La Russia di Putin sogna di tornare ad essere potenza mondiale e guarda a oriente. La Cina sembra essere il partner adatto a ridimensionare l’egemonia statunitense. Ma anche il Cremlino teme l’ombra di Pechino. Il commento di Alessandro Politi, direttore della Nato Defense College Foundation

Viviamo in un mondo molto pericoloso che non è più quello definito dai blocchi della passata Guerra fredda mondiale, con potenze che avevano una solidità evidente, ma da entità politiche, ciascuna minata da vuoti impressionanti dietro l’apparenza della forza. Sono questi vuoti che rendono i differenti attori molto più fragili e quindi più inclini a mosse avventate che possono portare a una terza guerra mondiale.

La Russia del presidente Vladimir Putin è un tipico esempio di questo nuovo paradigma “vuoto” ed è in ottima compagnia con tutte le massime potenze mondiali. Sperare che la Russia restasse per sempre un Paese inerme è stata un’incauta illusione, che non tiene conto del fatto che la storia è in perenne revisione. Tutti ricordano la brutale risposta russa nel 2008 in Georgia e l’inaccettabile annessione della Crimea nel 2014, come notano i folgoranti successi in Siria e le disinvolte manovre mercenarie in Libia e nel Sahel.
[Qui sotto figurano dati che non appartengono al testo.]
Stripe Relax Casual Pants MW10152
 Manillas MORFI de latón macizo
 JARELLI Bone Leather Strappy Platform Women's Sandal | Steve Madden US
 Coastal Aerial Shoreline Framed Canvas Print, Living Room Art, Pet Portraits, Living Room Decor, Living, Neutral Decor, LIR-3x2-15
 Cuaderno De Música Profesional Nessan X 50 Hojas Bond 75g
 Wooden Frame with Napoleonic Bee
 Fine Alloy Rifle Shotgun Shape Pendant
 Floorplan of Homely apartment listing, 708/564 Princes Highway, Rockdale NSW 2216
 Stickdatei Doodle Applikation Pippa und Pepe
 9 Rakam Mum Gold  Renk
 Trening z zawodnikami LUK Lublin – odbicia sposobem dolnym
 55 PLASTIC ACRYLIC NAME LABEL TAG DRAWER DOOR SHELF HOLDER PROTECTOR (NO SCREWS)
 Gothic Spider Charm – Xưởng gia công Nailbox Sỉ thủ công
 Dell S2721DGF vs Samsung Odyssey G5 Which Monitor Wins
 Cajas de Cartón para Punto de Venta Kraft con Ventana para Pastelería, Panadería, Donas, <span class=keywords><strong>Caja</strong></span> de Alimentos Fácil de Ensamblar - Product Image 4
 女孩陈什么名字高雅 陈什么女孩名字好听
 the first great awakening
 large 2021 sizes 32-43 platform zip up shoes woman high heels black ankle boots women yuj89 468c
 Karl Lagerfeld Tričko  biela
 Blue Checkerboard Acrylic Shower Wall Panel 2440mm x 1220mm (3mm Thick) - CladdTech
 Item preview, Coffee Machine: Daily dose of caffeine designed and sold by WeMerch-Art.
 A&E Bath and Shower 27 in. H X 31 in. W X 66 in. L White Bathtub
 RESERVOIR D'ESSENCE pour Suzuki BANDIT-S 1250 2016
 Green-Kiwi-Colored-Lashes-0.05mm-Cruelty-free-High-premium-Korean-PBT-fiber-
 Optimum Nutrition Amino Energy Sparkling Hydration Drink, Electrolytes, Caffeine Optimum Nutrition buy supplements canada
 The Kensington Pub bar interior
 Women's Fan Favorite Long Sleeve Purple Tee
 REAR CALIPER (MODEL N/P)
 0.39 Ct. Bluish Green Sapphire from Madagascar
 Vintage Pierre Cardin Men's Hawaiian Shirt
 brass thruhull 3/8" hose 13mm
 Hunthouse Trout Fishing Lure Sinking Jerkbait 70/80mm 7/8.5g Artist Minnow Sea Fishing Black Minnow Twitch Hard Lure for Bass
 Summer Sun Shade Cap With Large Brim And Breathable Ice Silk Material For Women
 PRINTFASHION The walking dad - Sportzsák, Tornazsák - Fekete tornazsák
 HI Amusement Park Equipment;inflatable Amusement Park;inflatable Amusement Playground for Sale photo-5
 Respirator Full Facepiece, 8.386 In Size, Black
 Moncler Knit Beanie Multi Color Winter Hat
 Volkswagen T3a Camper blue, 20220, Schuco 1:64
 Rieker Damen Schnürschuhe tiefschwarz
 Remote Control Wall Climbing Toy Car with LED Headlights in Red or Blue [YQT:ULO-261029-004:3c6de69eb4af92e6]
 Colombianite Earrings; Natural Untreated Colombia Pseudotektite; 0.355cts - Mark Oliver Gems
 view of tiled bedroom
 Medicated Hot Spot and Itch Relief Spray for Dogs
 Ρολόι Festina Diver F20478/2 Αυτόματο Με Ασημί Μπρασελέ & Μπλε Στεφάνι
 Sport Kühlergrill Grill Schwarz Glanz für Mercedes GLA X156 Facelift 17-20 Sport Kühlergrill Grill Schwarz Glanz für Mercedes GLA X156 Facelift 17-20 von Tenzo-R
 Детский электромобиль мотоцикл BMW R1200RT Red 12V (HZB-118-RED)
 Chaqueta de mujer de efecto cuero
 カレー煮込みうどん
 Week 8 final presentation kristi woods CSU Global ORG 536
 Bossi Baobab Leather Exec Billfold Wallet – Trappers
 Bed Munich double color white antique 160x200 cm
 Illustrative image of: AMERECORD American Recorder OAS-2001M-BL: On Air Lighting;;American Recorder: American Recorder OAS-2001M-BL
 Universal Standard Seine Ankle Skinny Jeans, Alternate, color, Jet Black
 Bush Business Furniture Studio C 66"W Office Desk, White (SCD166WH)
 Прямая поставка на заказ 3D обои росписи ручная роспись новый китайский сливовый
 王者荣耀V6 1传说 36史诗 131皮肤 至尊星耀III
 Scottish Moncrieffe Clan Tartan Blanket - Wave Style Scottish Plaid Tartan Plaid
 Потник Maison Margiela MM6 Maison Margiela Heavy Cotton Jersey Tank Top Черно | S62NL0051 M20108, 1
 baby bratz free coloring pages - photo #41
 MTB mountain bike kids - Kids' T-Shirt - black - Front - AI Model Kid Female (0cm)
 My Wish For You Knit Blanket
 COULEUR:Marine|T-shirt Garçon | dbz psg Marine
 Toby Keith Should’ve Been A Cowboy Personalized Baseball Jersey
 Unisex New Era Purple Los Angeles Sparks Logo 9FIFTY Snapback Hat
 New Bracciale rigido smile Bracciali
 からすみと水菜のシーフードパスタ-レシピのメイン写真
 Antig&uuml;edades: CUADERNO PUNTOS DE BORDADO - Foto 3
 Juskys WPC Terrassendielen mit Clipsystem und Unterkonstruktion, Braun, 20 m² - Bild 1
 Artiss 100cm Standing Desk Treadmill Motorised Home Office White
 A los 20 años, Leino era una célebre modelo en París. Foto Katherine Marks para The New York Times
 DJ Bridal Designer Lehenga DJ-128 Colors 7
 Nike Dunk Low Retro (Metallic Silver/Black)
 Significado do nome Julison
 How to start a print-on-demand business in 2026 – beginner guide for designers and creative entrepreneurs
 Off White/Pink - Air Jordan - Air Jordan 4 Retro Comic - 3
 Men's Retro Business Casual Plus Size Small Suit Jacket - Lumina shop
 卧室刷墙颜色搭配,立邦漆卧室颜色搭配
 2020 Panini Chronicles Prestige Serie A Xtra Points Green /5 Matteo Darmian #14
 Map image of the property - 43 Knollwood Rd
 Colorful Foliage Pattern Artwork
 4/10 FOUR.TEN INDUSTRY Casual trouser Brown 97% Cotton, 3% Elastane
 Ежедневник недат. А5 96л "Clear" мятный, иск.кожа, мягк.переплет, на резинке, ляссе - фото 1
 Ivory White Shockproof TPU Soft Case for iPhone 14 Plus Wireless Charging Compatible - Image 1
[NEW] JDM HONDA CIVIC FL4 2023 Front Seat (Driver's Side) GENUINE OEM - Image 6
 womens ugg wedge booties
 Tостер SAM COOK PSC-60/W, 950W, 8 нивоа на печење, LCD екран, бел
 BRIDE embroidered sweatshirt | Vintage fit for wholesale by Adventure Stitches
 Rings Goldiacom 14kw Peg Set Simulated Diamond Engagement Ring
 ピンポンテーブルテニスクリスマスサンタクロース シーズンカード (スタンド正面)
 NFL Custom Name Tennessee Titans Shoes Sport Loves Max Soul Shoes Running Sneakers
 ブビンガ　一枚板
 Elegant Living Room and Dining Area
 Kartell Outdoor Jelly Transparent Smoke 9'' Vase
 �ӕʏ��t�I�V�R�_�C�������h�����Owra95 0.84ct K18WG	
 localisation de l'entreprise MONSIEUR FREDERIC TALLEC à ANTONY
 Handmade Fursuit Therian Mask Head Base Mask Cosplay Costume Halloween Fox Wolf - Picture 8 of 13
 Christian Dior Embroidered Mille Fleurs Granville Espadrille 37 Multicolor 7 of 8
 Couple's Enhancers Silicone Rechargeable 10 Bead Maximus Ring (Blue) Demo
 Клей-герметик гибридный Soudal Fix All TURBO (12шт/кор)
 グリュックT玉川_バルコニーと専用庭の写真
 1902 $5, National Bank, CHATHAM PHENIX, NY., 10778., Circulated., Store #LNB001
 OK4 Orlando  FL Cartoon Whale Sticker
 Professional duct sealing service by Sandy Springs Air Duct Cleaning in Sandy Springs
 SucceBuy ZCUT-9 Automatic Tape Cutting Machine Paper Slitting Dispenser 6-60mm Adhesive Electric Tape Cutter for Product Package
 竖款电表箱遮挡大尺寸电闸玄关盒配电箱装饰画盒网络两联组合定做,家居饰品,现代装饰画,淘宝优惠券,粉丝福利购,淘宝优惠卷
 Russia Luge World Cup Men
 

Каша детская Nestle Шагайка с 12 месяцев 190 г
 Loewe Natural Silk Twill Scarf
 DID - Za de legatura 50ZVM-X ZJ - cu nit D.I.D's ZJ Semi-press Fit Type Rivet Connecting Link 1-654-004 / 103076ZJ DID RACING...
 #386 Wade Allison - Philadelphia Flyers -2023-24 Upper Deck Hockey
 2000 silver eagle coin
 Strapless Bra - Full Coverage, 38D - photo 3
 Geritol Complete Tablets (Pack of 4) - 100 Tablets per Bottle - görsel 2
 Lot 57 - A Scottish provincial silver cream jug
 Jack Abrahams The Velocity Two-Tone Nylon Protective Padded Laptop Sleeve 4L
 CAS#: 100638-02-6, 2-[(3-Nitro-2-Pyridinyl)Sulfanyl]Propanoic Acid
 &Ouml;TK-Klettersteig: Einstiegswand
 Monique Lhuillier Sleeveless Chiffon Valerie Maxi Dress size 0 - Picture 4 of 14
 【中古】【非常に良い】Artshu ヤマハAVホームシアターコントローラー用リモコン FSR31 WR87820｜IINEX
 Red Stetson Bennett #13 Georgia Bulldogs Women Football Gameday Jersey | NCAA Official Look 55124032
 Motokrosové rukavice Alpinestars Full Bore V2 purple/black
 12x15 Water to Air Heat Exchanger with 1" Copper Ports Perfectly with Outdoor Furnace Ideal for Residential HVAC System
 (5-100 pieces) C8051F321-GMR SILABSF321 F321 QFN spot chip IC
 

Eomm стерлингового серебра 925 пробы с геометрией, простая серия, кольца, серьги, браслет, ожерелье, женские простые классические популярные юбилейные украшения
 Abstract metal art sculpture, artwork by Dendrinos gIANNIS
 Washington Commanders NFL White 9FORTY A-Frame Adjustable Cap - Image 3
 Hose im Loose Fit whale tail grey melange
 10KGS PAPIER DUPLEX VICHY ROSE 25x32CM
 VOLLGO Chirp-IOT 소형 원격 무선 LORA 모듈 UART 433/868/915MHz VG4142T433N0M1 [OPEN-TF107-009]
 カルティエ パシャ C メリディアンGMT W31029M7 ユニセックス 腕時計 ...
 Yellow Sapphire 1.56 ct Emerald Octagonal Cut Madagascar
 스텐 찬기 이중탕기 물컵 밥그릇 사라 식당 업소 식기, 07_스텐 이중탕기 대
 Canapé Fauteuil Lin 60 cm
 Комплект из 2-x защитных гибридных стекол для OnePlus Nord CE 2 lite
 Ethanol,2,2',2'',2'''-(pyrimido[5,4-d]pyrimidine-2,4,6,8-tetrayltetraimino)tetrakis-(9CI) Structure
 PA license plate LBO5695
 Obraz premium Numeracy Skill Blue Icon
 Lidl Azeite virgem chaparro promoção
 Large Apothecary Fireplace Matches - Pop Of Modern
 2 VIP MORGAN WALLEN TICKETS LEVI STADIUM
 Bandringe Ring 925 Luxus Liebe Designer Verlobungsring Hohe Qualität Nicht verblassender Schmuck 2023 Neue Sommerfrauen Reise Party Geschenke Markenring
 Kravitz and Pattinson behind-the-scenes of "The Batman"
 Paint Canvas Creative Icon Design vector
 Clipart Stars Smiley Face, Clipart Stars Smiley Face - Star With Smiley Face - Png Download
La sua posizione di grande esportatore di energia e di centrale di una rete di gasdotti e oleodotti, così come le sue vendite di centrali nucleari in Medio Oriente, India e Africa australe, delineano un contesto ben presente agli specialisti, insieme alle vendite di armamenti e alle spregiudicate interferenze elettorali, diplomazie sanitarie e penetrazioni informatiche. Questo è il materiale che alimenta i titoli dei media e i duelli politici per l’influenza sull’opinione pubblica mondiale.

Tuttavia è bene ricordare che la potenza militare convenzionale della Russia è una frazione di quella statunitense e ancor più di quella Nato, i suoi investimenti nel modernizzare l’arsenale nucleare sono una piccola parte di quanto spende Washington, il suo peso nell’economia globale è appena del 3%, il suo Pil è di poco superiore a quello del Brasile, mentre quello pro capite nel 2021 è all’87simo posto nel mondo.

La popolazione russa è in galoppante declino demografico e l’Estremo oriente russo rischia di essere pacificamente inglobato nelle sfere d’influenza cinesi, giapponesi e coreane. Tutto questo crea un serio dilemma strategico per Mosca: quali correlazioni di forza le permettono di recuperare il suo posto di grande potenza mondiale insieme a quali tipi di alleanza o coalizione?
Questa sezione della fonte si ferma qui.